---------- Input records

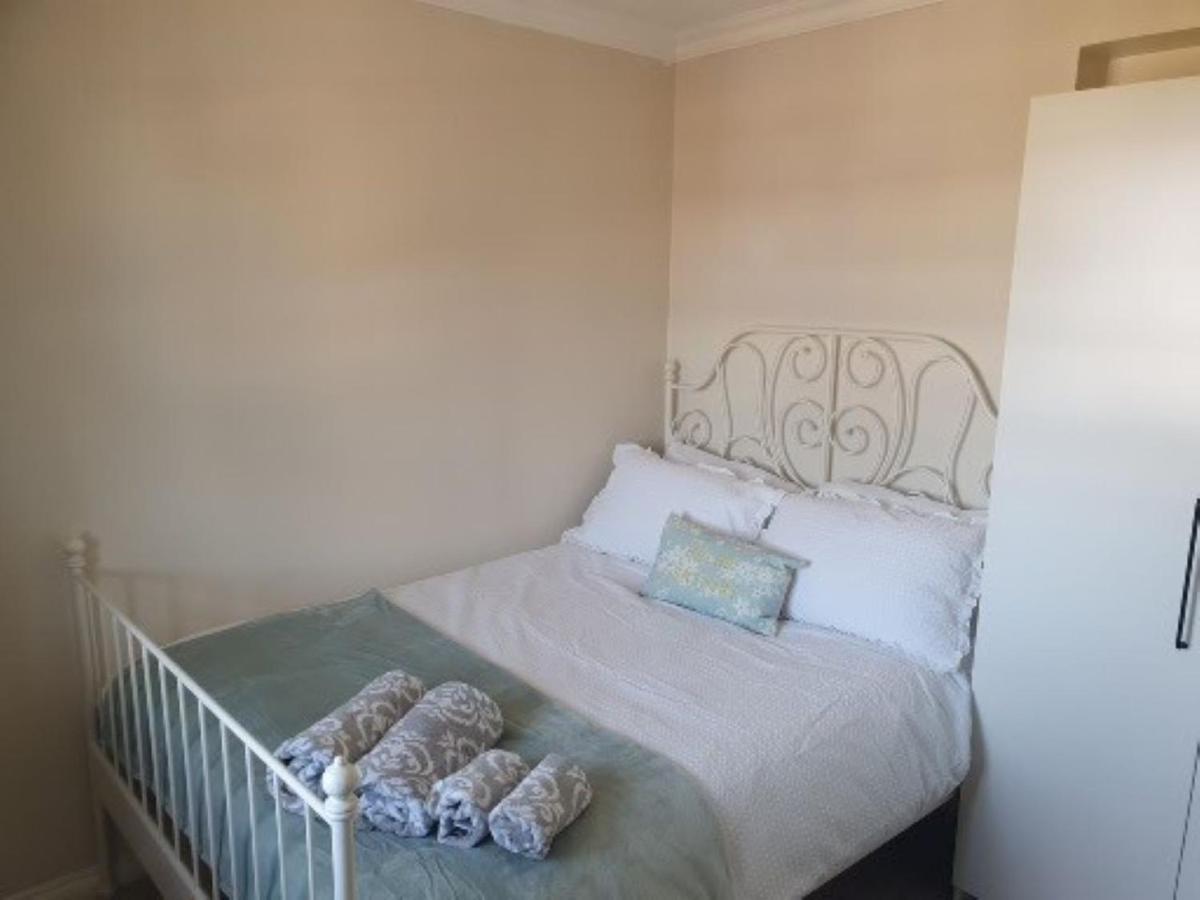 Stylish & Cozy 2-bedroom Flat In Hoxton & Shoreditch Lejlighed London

--------------------
---------- Input records

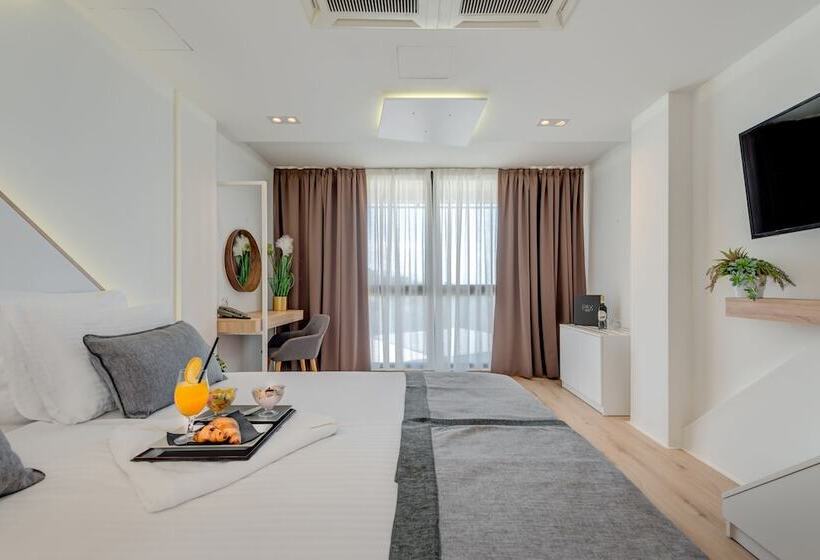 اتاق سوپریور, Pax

--------------------
---------- Input records

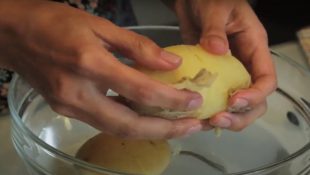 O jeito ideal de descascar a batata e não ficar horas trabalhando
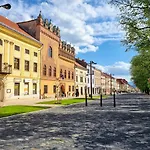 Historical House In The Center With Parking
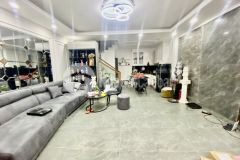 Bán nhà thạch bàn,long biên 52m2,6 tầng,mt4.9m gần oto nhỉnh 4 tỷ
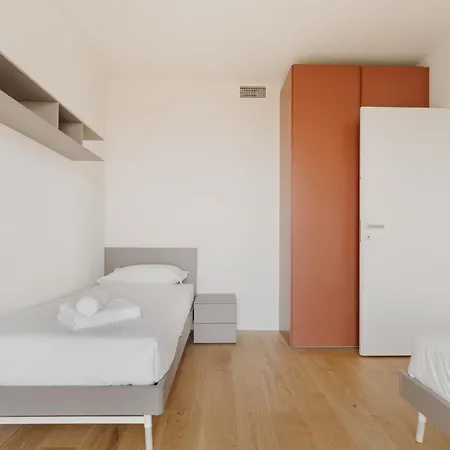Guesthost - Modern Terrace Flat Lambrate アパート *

--------------------

Task to carry out >> Above are the records; copy from them only the lines starting at the one containing "Historical House In The Center With Parking" and ending at the one containing "Guesthost - Modern", exactly and without pictures.

Task result >>
 Historical House In The Center With Parking
 Bán nhà thạch bàn,long biên 52m2,6 tầng,mt4.9m gần oto nhỉnh 4 tỷ
Guesthost - Modern Terrace Flat Lambrate アパート *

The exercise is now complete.